Academic publishing can be frustratingly slow at times. But finally my nine fragments on the reading of asylum documents are published in PARSE journal. Since the text was written, we have had a change of government in Sweden. The explicit goal of the current regime (a collaboration between the radical nationalists and a coalition government of formerly traditional conservative and liberal parties) is to deprive asylum seekers of as many rights as possible. Meanwhile, the social democratic opposition has declared support for the regime’s politics on migration. Everything I write about in this text has become even more urgent, and we need more than ever to build solidarity from below. The article is open access, check it out together with the rest of this special issue on state violence.
The tramp philosopher speaks:
Such words do not stimulate the imagination of those to whom they are addressed, do not even arouse it. Such words keep the imagination sober, unfeeling, spruce and cold. That is the way the majority of people keep and guard their choice of probability. Nothing can shake us! We won’t believe that![2]

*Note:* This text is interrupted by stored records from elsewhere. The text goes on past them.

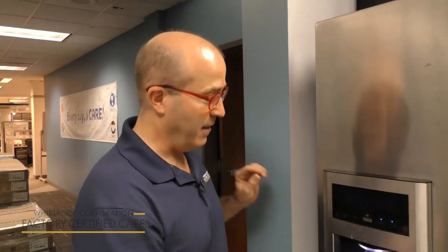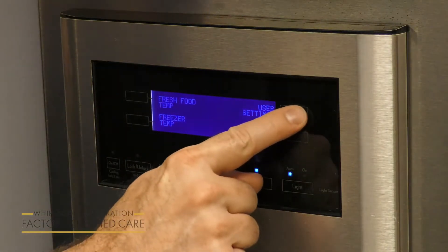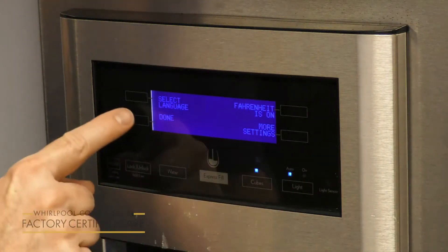The soft touch control on your refrigerator is very sensitive and you don't want to push very hard on it. I'll just give you a little demonstration here. Very gently touching the control panel — you don't need to push hard at all.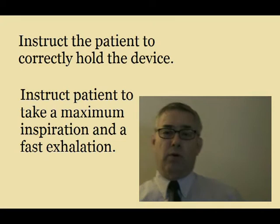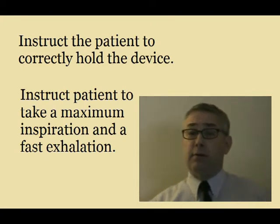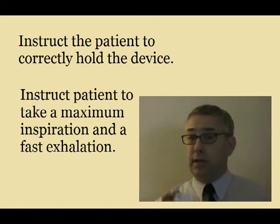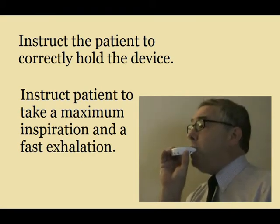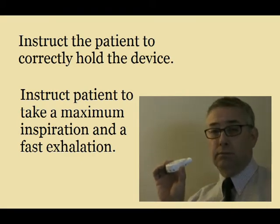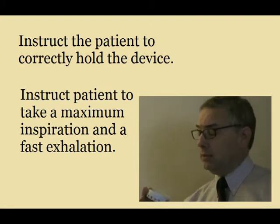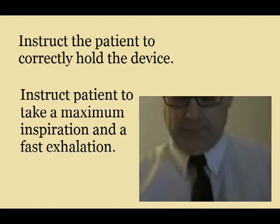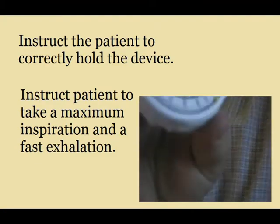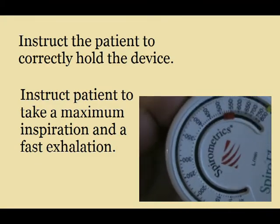Then, what we're going to do is have the patient take a maximum deep breath in, followed by a fast exhalation out. Big breath in — fast exhalation out. You're then going to go and look at your peak flow meter and look at the reading. In this case, it is about 550.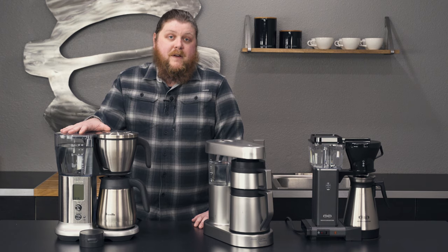We definitely recommend the Precision Brewer from Breville. Thanks so much for watching, everyone. Make sure you like this video and subscribe to the channel to find out when we're doing more of these best of videos — we've got more top threes coming your way, so stay tuned for those.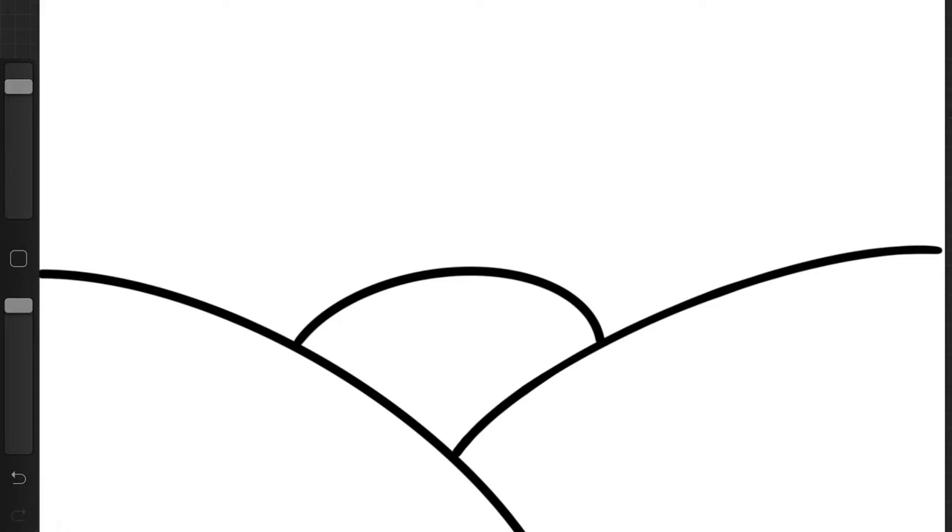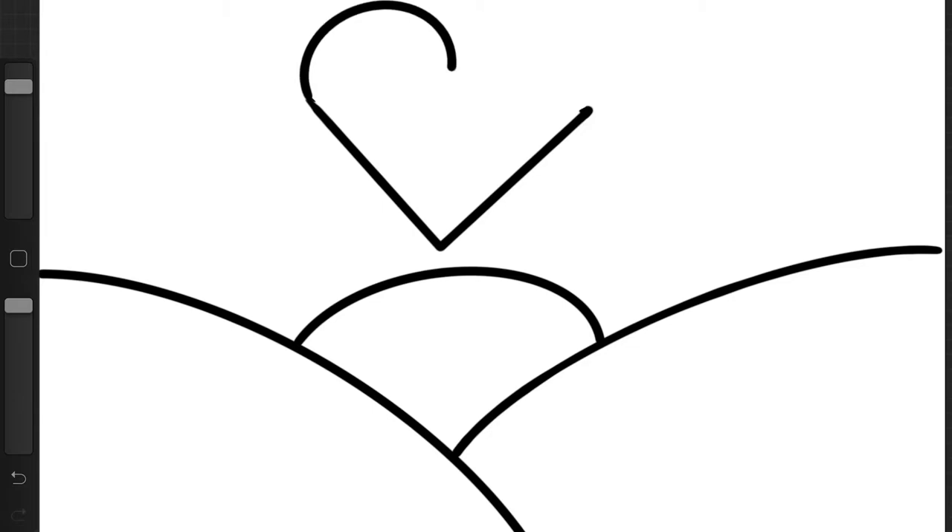Right above the sun we're going to start drawing our heart. We're going to draw a letter V for the bottom of our heart. On top of the V we're going to connect it with a lowercase m — curve and curve. We now have a heart above our sun.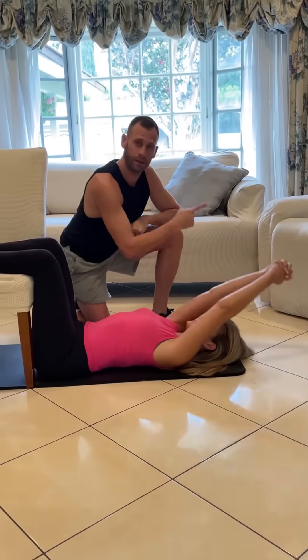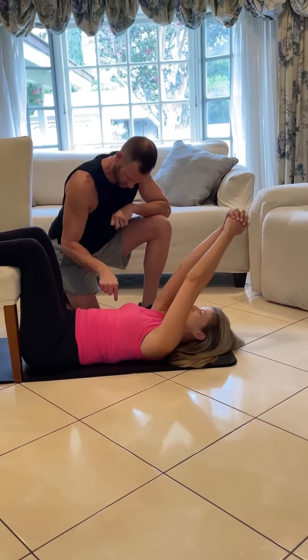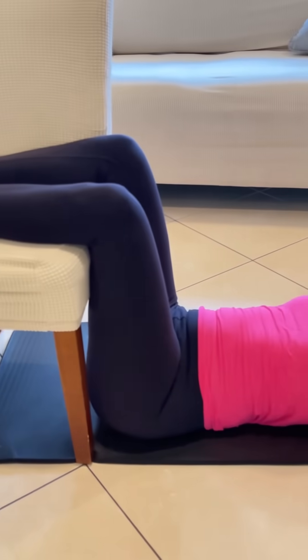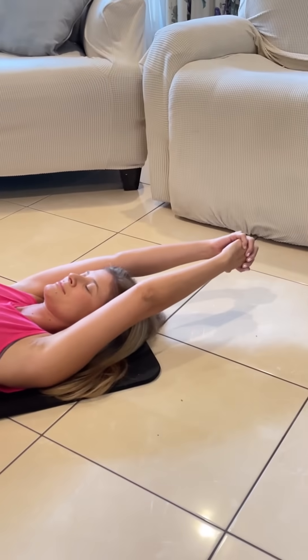Back to a neutral position, interlace fingers, straight elbows, drop hands towards the floor. Focus on keeping your chest down so it doesn't compensate for the movement. Perform one set of 25 reps to improve shoulder mobility and thoracic extension.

Probability translates into Swedish as sannolikhet. It is a frequently used word in the documentation of asylum inquiries, relating to assessments of age, identity, life narrative, grounds for fear. The judgment on probability, on sannolikhet, is crucial as to whether you are granted asylum or not.
The Swedish word is composed of sann, “true”, and lik, “likeness”. What bears enough likeness to truth to be called probable? And what is the relation between truth and mere likeness?